AAE faculty associate Jing Yi has first-hand experience with the impact of data quality on agricultural food systems research, her main area of interest. In collaboration with economists at the U.S. Department of Agriculture and Cornell University, Yi’s long-term goal is to understand how natural resources—forest products, fossil fuels, agricultural land and water withdrawals—are used throughout the U.S. food system, all the way from farm to fork.
“Six years ago, we wanted to determine how much of each natural resource is used by specific crops,” says Yi. “But many data points were missing and detailed space-and-time information was not available for the entire country.”
The researchers noticed, for example, that annual production data for strawberries were only available for California and Florida. All other states were included in national totals but lacked state- and county-specific information.
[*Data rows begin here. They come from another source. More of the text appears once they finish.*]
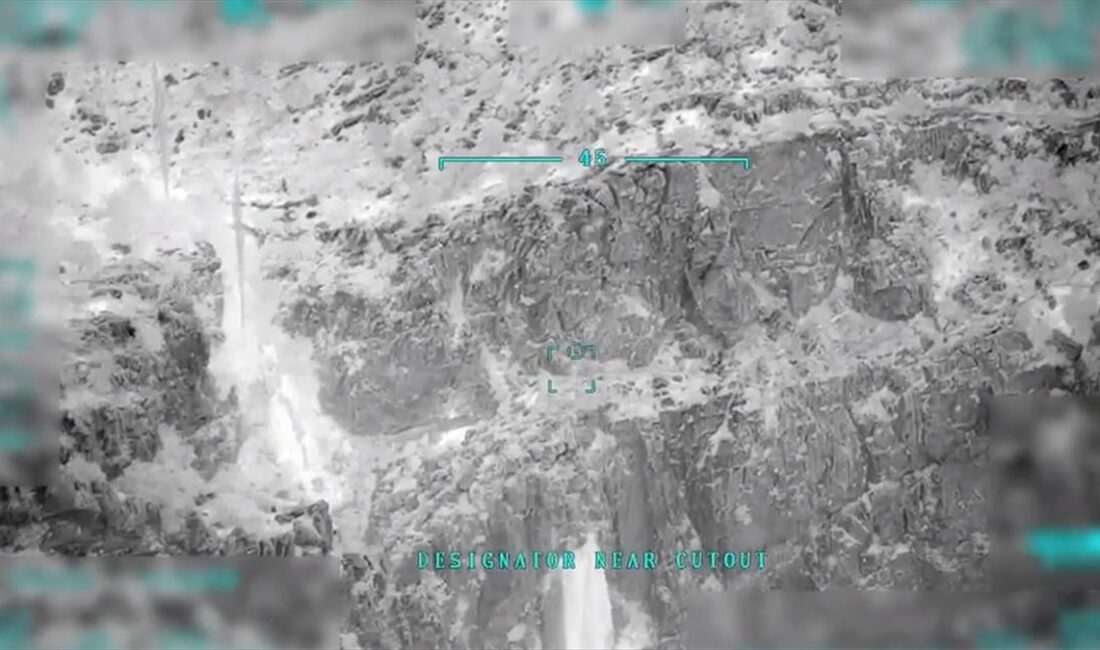 Milli Savunma Bakanlığından, Irak'ın kuzeyindeki Kandil'de 3 teröristin hava harekatıyla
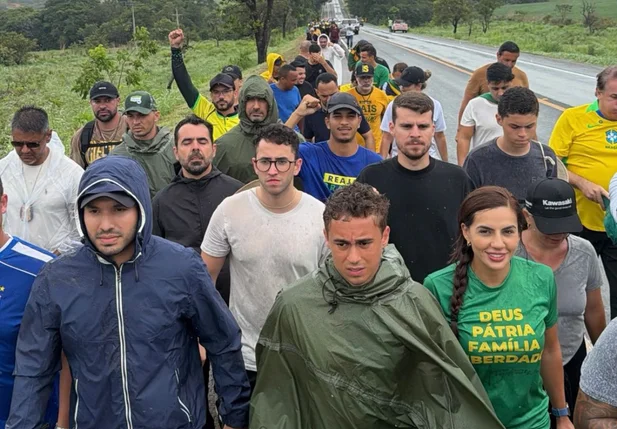 Nikolas Ferreira e apoiadores de Bolsonaro em manifestação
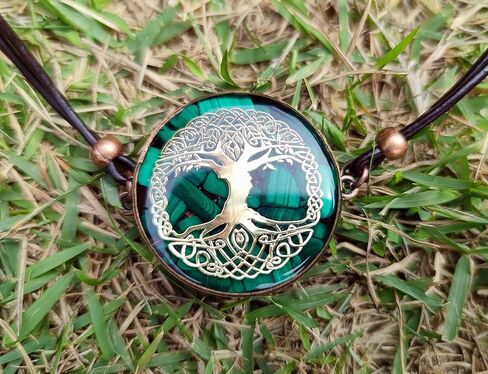 Orgone Pendant with Malachite in Saudi Arabia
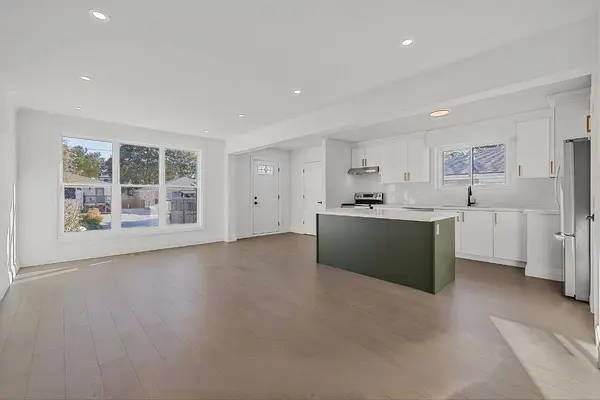 703 Sunnypoint DR #Main, Newmarket, ON L3Y 2Z7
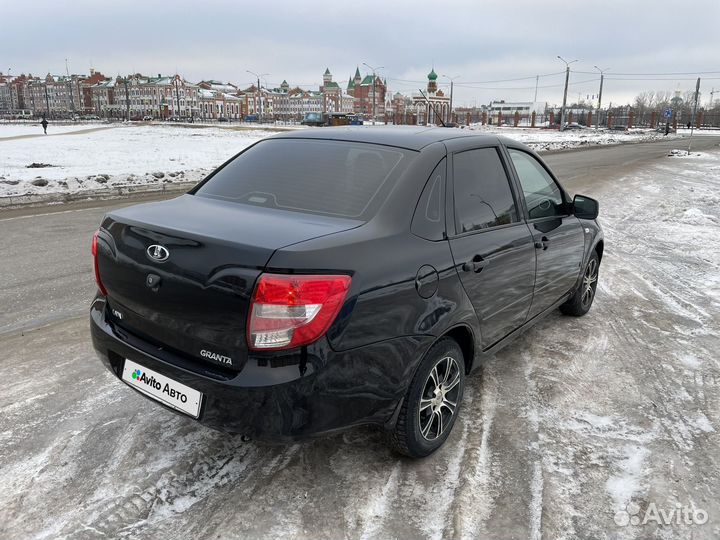 LADA Granta 1.6 МТ, 2012, 198 000 км
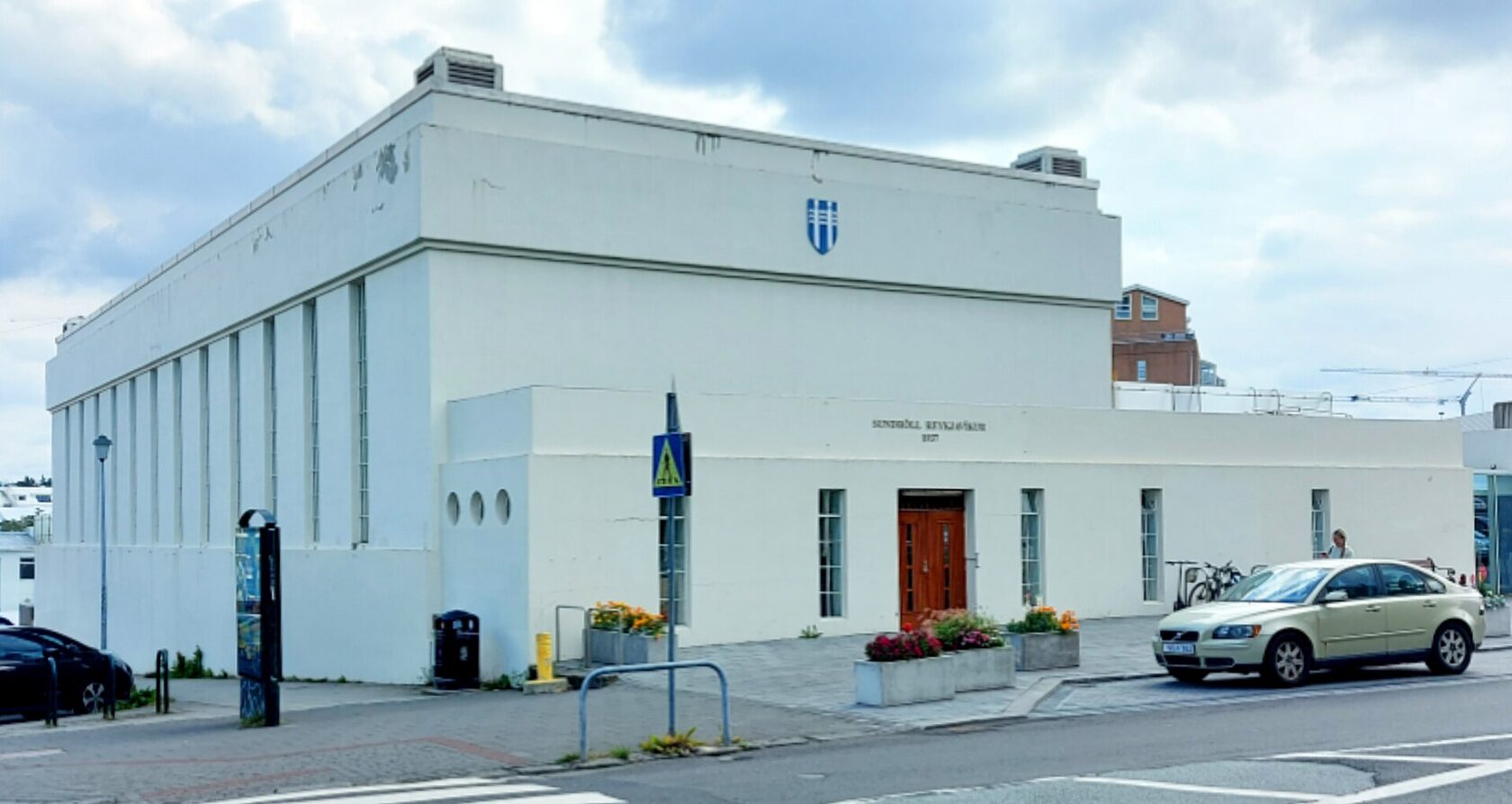 Sundhöll Reykjavíkur — первый крытый бассейн исландской столицы, построен в 1937 году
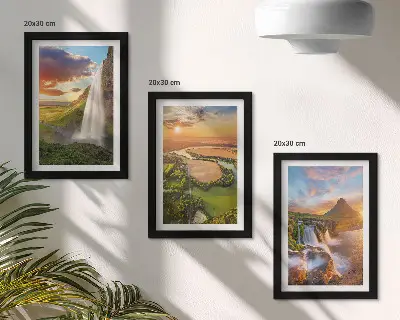 Cuadro tríptico enmarcado de paisajes de montaña con cascadas y ríos al atardecer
That’s why the team decided to develop a national database of monthly, county-level production statistics for 34 perishable fruits and vegetables as an important step toward their goal of understanding farm-to-fork natural resource use.
The main reasons for missing agricultural production data are suppression requirements and resource constraints. Data suppression means the USDA cannot release data provided by a small number of survey respondents—say apple counts from fewer than three farmers—for confidentiality reasons. Counts are also suppressed when one farmer accounts for more than 60% of total production. Protecting data privacy is important, but excluding all suppressed information from statistical analyses may generate misleading conclusions. Since data collection is time-consuming and costly, missing information may also be due to limited state or federal budgets.
The researchers proposed a solution to the data suppression problem in a recently published paper. That work helped them develop a strategy for addressing the second, more complex problem: the spatial and temporal decomposition of data by combining multiple sources of information. In a nutshell, the data imputation method builds recipes, or algorithms, for estimating the statistically most likely value for a county’s missing monthly strawberry counts given all existing information about the larger entities the missing element belongs to. That can be the year (sum of all months), the state (sum of all counties) or the country (sum of all states).
Such recipes—known as machine learning algorithms—are common in climate research, says Yi, but not yet widely known in the agricultural food systems world, where data are typically collected with surveys mailed to farmers every one to five years. “Developing a data imputation method that addresses the complexity of agricultural surveys is critical for obtaining high-quality datasets for analyses of interest,” notes Yi.
The team’s data imputation strategy includes three steps. First, several databases with production data for perishable produce are combined with a yearly import/export database. The Census of Horticulture, for example, includes cucumbers, tomatoes, lettuce, peppers and other vegetables grown in hydroponic greenhouse systems; the Census of Agriculture includes fruits and vegetables grown in open fields. Total domestic produce availability is determined by adding imports and subtracting exports.
Second, the yearly national counts are spatially allocated to states and counties by estimating the most likely value for (i) a state’s missing count given national data and (ii) a county’s missing count given state-level data. The third step is the allocation of yearly to monthly data following similar principles. The final result is an imputed county-level U.S. database with monthly counts for 34 fruits and vegetables.
Compared to excluding missing data and being limited to national or state-level analyses, the imputed data will enable a deeper understanding of current agricultural practices. The new database can be used, for example, to estimate changes in the use of natural resources if Americans were to adopt a healthier diet.
“Detailed information about current practices will identify opportunities to reduce water and energy needs and lower greenhouse gas emissions,” says Yi. “Helping researchers, policymakers and industry professionals work toward these goals is part of our broader efforts to make the U.S. agri-food supply chain more resilient and sustainable while meeting the growing demand for food.”